* _About this exercise_
Please give back only the lines below from the one containing "Antique Georgian Sheraton" to the one containing "Susandeer Sofa/Console Table", each repeated word for word, both ends included.

++++++++

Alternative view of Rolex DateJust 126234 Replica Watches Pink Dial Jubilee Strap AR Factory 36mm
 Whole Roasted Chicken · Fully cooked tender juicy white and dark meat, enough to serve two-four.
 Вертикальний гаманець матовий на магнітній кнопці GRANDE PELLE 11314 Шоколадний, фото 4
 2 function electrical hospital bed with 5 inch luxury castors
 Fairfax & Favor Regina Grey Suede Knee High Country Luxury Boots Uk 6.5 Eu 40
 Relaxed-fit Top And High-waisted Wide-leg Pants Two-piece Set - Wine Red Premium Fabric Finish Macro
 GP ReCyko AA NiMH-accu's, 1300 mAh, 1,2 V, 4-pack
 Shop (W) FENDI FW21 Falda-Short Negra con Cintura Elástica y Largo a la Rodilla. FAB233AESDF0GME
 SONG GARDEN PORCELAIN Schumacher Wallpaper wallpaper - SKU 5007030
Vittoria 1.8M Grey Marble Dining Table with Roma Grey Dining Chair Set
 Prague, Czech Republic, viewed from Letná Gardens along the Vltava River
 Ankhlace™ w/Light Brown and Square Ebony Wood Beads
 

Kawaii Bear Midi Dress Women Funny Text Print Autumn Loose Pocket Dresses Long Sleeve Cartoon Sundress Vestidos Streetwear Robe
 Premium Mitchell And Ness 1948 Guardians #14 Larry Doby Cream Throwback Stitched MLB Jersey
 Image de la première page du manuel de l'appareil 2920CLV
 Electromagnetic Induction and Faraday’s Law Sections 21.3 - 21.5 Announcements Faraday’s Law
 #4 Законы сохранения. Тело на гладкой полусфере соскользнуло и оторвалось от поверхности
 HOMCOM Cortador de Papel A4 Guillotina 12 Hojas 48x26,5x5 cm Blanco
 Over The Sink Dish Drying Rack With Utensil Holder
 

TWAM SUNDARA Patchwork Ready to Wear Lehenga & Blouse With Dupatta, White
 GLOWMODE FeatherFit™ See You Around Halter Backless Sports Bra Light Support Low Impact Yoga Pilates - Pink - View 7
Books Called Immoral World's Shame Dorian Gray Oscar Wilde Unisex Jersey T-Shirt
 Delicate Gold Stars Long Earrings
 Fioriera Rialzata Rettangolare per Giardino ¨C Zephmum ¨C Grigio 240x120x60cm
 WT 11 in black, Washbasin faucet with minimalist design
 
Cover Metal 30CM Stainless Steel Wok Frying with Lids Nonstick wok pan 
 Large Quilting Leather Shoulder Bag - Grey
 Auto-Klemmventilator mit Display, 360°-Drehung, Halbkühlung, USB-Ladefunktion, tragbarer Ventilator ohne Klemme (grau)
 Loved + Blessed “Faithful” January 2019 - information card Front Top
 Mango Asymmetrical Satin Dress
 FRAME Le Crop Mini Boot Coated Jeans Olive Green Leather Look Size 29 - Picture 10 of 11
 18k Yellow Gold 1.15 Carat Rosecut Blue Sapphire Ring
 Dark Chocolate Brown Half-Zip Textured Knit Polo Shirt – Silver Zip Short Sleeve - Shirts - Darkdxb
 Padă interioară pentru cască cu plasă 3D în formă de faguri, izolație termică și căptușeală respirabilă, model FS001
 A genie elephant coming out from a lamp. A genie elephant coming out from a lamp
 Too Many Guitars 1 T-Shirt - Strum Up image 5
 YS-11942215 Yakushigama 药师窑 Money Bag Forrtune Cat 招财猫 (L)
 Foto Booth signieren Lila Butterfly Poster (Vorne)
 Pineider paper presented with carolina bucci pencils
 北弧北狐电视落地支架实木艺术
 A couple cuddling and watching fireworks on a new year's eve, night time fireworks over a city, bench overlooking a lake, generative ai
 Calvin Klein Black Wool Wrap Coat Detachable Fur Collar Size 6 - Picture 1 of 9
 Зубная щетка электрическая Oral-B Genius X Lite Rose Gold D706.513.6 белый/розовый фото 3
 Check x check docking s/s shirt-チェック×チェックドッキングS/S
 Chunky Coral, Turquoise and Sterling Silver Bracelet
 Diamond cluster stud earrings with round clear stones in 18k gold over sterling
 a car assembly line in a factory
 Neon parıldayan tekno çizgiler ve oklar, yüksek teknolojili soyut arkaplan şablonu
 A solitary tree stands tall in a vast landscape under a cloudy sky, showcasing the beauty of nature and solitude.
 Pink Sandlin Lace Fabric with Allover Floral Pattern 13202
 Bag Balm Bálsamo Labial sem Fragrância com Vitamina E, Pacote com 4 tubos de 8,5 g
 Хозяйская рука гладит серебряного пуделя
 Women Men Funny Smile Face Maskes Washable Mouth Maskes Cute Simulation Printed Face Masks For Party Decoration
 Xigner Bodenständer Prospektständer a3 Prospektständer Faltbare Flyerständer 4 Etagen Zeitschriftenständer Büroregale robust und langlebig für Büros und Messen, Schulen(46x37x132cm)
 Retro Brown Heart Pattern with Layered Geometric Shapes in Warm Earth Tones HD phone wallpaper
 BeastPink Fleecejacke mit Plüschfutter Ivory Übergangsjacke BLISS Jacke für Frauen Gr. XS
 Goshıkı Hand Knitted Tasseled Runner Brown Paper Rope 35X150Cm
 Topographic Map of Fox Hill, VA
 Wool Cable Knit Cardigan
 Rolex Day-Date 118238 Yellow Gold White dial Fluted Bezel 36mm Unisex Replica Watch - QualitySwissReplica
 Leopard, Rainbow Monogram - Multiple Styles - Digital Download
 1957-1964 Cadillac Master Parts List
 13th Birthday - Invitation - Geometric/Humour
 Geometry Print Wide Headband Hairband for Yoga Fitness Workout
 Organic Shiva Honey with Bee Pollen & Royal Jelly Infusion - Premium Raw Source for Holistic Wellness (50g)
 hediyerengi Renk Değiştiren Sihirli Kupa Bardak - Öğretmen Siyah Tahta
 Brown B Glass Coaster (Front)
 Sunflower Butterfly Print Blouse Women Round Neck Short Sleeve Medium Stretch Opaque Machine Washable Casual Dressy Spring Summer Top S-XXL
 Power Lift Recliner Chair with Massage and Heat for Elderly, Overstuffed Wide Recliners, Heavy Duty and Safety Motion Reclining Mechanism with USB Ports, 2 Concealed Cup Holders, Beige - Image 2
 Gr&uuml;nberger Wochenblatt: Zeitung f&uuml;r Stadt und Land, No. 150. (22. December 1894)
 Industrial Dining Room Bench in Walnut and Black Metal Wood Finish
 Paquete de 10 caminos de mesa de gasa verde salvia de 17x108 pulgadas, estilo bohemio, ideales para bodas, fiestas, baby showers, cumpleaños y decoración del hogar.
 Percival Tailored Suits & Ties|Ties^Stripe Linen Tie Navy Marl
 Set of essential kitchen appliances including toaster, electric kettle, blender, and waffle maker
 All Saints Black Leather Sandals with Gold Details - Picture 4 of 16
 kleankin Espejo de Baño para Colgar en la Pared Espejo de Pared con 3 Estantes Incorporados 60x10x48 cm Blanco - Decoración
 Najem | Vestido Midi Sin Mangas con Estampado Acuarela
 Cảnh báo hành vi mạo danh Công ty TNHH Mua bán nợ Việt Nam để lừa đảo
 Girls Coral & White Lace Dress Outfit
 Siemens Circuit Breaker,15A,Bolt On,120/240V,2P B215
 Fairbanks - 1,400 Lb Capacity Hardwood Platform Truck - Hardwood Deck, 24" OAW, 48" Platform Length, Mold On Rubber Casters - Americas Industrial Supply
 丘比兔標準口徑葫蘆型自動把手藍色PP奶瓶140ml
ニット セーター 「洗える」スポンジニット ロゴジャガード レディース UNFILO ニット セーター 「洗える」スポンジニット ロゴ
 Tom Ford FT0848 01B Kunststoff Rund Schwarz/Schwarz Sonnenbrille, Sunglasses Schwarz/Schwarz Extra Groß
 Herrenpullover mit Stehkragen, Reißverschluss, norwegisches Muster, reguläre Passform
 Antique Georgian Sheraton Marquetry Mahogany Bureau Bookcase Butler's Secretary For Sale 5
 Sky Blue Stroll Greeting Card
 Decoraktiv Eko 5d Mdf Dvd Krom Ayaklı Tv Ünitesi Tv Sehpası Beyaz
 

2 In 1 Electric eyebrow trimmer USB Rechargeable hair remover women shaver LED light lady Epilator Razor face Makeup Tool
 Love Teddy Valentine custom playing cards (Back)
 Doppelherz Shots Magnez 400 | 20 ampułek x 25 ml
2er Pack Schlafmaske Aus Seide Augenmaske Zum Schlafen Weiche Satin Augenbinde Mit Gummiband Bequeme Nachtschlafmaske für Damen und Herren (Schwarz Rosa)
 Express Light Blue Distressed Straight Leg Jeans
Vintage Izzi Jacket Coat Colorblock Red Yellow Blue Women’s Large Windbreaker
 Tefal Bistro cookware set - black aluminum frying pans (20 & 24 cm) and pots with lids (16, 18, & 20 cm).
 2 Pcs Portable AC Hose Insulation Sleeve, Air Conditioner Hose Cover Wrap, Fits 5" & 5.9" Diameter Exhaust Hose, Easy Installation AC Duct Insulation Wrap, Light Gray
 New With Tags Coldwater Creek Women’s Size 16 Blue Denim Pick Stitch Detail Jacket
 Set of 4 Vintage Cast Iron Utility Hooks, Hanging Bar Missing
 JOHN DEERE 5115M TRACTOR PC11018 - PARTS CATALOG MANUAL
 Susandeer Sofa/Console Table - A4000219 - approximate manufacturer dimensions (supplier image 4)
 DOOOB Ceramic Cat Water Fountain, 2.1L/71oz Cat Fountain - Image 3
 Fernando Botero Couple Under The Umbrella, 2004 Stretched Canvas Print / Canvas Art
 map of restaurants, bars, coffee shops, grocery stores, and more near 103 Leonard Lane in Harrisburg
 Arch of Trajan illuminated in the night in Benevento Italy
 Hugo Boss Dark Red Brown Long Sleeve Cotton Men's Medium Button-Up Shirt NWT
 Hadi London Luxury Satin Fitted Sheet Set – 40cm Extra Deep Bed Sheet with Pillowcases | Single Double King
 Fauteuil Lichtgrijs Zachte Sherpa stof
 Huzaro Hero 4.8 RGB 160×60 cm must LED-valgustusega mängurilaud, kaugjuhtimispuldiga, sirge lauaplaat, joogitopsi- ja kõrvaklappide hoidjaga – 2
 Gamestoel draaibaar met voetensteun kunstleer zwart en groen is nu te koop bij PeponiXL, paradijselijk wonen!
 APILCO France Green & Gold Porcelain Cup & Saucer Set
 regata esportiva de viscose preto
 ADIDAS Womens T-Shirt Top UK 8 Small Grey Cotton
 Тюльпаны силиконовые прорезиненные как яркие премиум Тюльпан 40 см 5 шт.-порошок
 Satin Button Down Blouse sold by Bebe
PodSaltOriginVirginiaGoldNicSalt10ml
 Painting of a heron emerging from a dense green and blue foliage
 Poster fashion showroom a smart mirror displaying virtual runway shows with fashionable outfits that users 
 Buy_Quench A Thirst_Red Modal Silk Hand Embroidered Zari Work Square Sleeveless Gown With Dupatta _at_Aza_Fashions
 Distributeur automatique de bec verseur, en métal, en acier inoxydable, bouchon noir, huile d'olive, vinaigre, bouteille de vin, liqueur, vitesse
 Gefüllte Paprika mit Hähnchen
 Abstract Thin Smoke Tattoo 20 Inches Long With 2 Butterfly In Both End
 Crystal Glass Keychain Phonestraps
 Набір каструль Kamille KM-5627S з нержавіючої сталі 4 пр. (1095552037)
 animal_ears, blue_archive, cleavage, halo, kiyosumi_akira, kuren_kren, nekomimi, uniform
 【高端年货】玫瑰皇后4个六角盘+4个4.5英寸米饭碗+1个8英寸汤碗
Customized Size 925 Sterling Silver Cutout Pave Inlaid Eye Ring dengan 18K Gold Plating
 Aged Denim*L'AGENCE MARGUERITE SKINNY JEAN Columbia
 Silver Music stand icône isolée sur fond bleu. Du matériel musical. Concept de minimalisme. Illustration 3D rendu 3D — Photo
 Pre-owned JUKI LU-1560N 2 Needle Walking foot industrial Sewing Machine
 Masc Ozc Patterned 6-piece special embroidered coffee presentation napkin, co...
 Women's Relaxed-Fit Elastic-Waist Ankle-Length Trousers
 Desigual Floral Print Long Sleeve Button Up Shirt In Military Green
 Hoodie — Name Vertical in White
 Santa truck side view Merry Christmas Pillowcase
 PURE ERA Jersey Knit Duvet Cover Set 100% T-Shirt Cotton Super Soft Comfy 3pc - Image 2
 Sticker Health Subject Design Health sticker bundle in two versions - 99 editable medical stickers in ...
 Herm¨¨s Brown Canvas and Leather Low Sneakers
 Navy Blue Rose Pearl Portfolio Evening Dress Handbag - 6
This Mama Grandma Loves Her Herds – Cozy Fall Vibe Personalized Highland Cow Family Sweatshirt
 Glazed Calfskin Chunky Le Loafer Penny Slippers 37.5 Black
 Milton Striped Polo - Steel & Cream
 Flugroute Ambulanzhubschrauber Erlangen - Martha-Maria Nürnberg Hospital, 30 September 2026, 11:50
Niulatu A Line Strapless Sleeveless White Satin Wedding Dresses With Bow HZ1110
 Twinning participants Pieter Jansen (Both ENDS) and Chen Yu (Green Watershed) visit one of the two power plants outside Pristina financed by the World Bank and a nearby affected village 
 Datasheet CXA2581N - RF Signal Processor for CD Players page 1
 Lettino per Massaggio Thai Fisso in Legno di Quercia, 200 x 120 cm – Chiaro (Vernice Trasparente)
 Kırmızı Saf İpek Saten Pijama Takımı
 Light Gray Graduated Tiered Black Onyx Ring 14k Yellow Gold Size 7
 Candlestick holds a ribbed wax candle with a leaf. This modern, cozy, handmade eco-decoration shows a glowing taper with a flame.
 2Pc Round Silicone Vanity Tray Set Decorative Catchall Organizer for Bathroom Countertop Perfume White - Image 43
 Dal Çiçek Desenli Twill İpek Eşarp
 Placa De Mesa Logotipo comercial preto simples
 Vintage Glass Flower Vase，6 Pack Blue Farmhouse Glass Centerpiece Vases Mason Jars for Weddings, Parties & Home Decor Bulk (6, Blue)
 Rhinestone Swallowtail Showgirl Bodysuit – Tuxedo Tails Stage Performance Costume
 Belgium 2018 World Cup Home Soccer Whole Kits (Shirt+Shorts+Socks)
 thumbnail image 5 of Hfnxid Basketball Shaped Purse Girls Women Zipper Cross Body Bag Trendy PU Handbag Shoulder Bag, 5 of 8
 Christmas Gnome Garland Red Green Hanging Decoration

++++++++

* _The completed task_
 Antique Georgian Sheraton Marquetry Mahogany Bureau Bookcase Butler's Secretary For Sale 5
 Sky Blue Stroll Greeting Card
 Decoraktiv Eko 5d Mdf Dvd Krom Ayaklı Tv Ünitesi Tv Sehpası Beyaz
 

2 In 1 Electric eyebrow trimmer USB Rechargeable hair remover women shaver LED light lady Epilator Razor face Makeup Tool
 Love Teddy Valentine custom playing cards (Back)
 Doppelherz Shots Magnez 400 | 20 ampułek x 25 ml
2er Pack Schlafmaske Aus Seide Augenmaske Zum Schlafen Weiche Satin Augenbinde Mit Gummiband Bequeme Nachtschlafmaske für Damen und Herren (Schwarz Rosa)
 Express Light Blue Distressed Straight Leg Jeans
Vintage Izzi Jacket Coat Colorblock Red Yellow Blue Women’s Large Windbreaker
 Tefal Bistro cookware set - black aluminum frying pans (20 & 24 cm) and pots with lids (16, 18, & 20 cm).
 2 Pcs Portable AC Hose Insulation Sleeve, Air Conditioner Hose Cover Wrap, Fits 5" & 5.9" Diameter Exhaust Hose, Easy Installation AC Duct Insulation Wrap, Light Gray
 New With Tags Coldwater Creek Women’s Size 16 Blue Denim Pick Stitch Detail Jacket
 Set of 4 Vintage Cast Iron Utility Hooks, Hanging Bar Missing
 JOHN DEERE 5115M TRACTOR PC11018 - PARTS CATALOG MANUAL
 Susandeer Sofa/Console Table - A4000219 - approximate manufacturer dimensions (supplier image 4)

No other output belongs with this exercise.